- Exercise description -
Repeat the following data exactly, omitting pictures.

- Provided material -
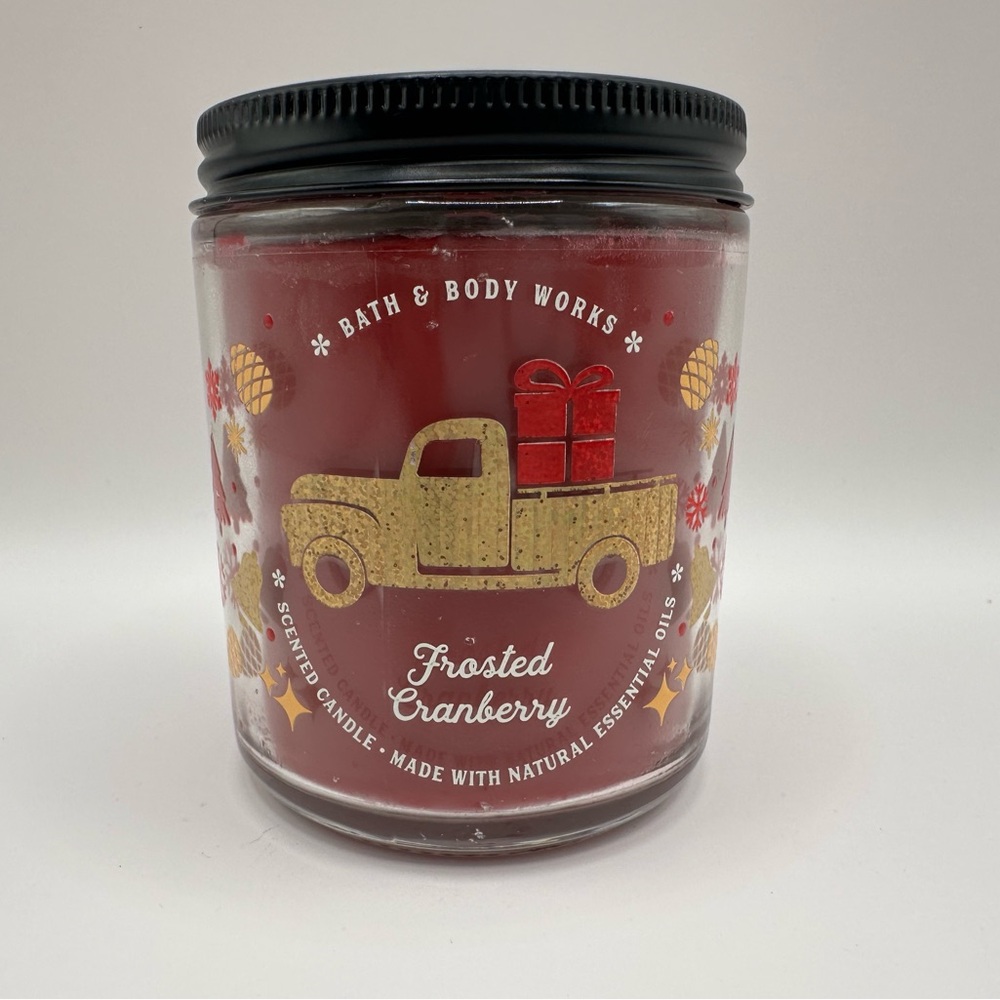 Bath & Body Works Frosted Cranberry Scented Candle - Red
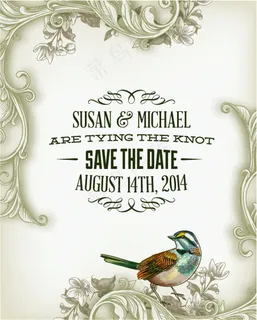 精美花边鸟图结婚纪念日背景图片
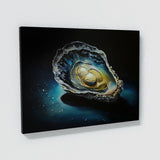 Oyster Shell Blue Background 7 Wall Art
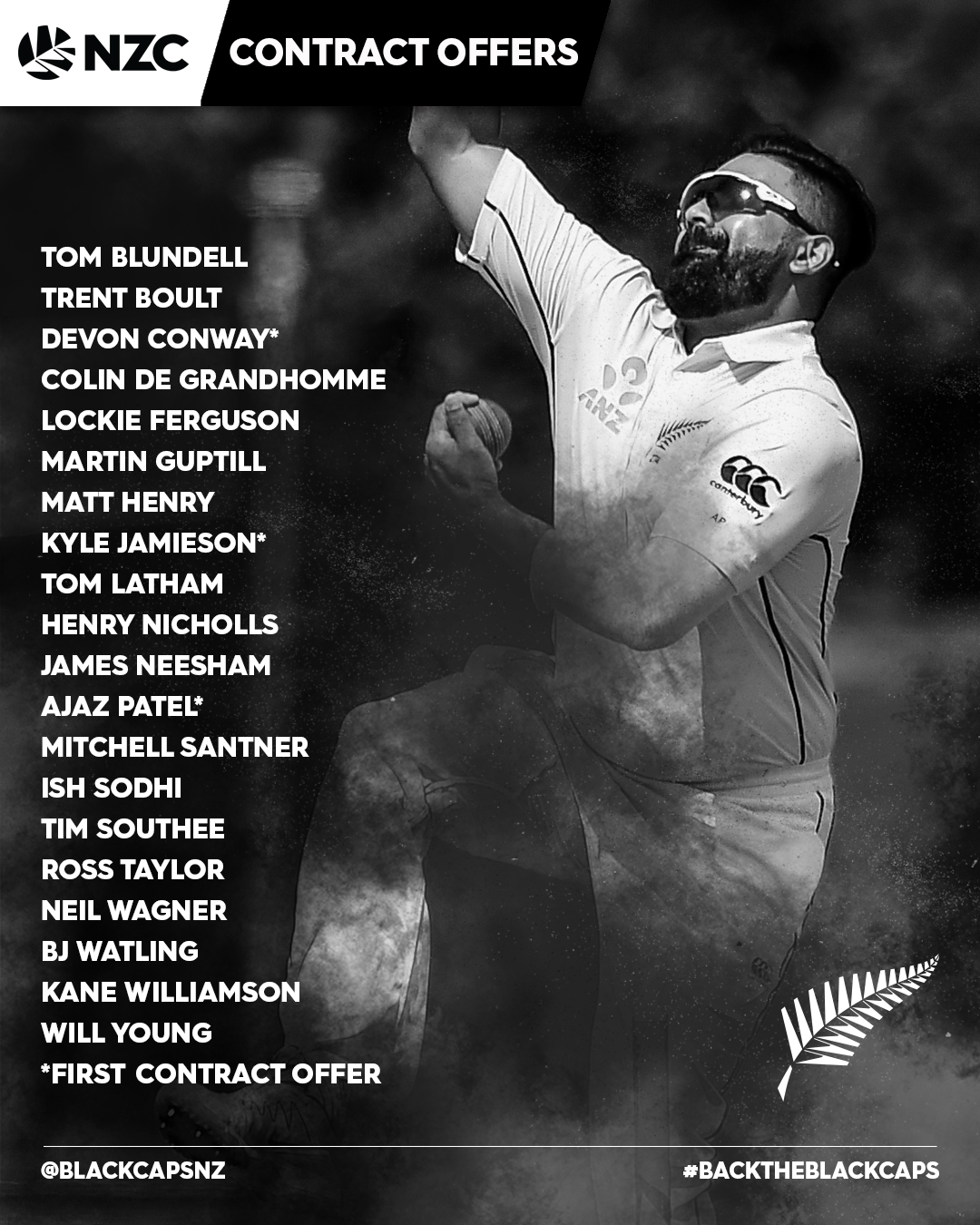 New Zealand Cricket central contract list for 2020-21 season (Credits: Twitter/ BlackcapsNZ)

- Response box -
 Bath & Body Works Frosted Cranberry Scented Candle - Red
 精美花边鸟图结婚纪念日背景图片
 Oyster Shell Blue Background 7 Wall Art
 New Zealand Cricket central contract list for 2020-21 season (Credits: Twitter/ BlackcapsNZ)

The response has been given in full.